**Data for the task**
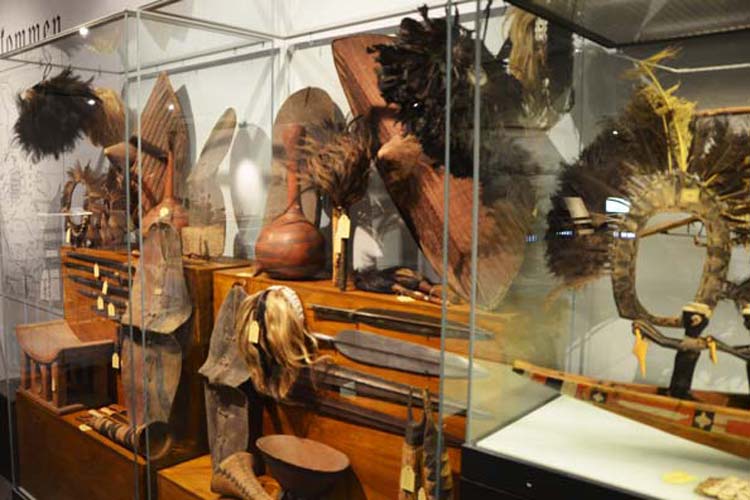 Vom Fliegenwedel über Kopfschmuck bis hin zu Dolchen und Speeren – so waren die Ausstellungsvitrinen um 1900 bestückt und vermittelten einen Furcht erregenden Eindruck.
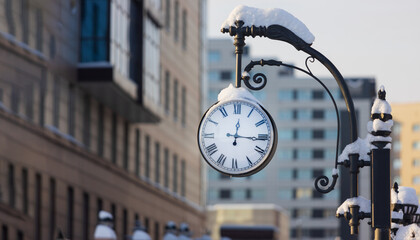 Close up of a snow-covered city clock on a forged pole. Winter postcard of European city street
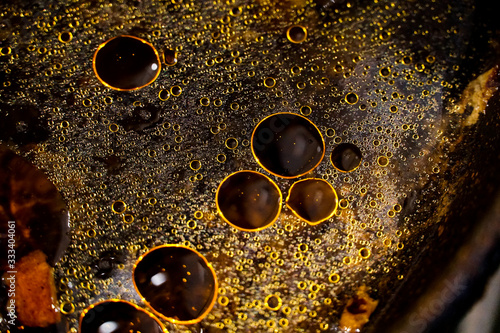 stains and bubbles of fat in water, circles and dots of orange, yellow, golden color, contrasting colorful background            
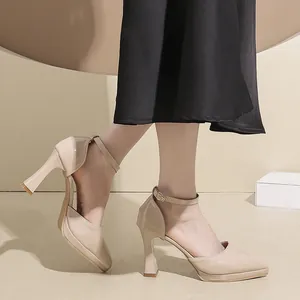 Detailed side view of nude pointed platform high heels with ankle straps worn
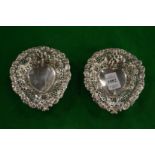 A pair of pierced silver heart shaped bonbon dishes.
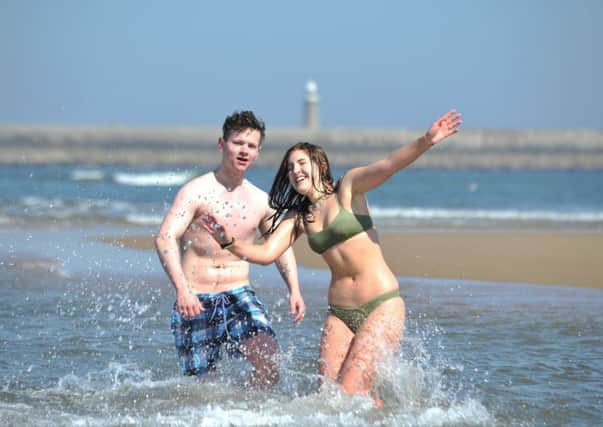 Students Nathan Wilde and Andie Vickers cool off on hottest day of the year, at Sandhaven Beach.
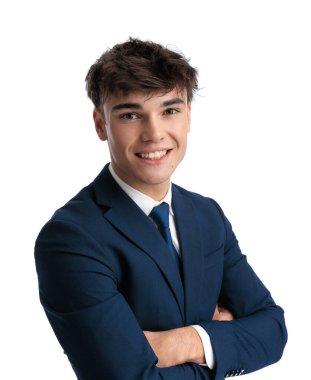 Lacivert takım elbiseli genç iş adamının portresi kollarını kavuşturup beyaz arka planda gülümsüyor.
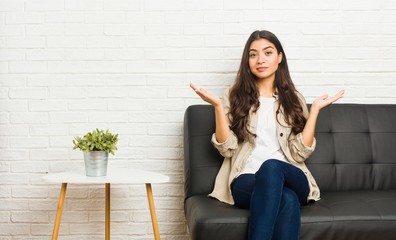 Young arab woman sitting on the sofa doubting and shrugging shoulders in questioning gesture.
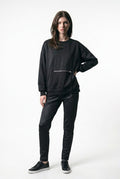 Model wearing the TOFUITO Zip Pocket Sweatshirt in black with a silver zip pocket at the front, black trousers and black sneakers, on a white background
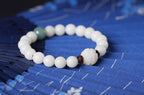 White bodhi seed bracelet on blue patterned fabric with smooth ivory-color beads, one green accent bead, two dark spacers, and a carved white lotus-style focal bead in fuller view.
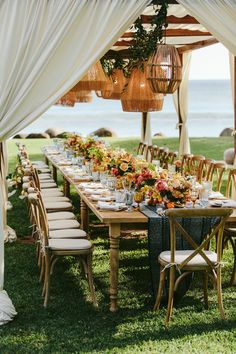 a long table set up for an outdoor dinner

**Work instructions**
What you print must match the entries exactly, except that no pictures appear.

**Written reply**
 Vom Fliegenwedel über Kopfschmuck bis hin zu Dolchen und Speeren – so waren die Ausstellungsvitrinen um 1900 bestückt und vermittelten einen Furcht erregenden Eindruck.
 Close up of a snow-covered city clock on a forged pole. Winter postcard of European city street
 stains and bubbles of fat in water, circles and dots of orange, yellow, golden color, contrasting colorful background            
 Detailed side view of nude pointed platform high heels with ankle straps worn
 A pair of pierced silver heart shaped bonbon dishes.
 Students Nathan Wilde and Andie Vickers cool off on hottest day of the year, at Sandhaven Beach.
 Lacivert takım elbiseli genç iş adamının portresi kollarını kavuşturup beyaz arka planda gülümsüyor.
 Young arab woman sitting on the sofa doubting and shrugging shoulders in questioning gesture.
 Model wearing the TOFUITO Zip Pocket Sweatshirt in black with a silver zip pocket at the front, black trousers and black sneakers, on a white background
 White bodhi seed bracelet on blue patterned fabric with smooth ivory-color beads, one green accent bead, two dark spacers, and a carved white lotus-style focal bead in fuller view.
 a long table set up for an outdoor dinner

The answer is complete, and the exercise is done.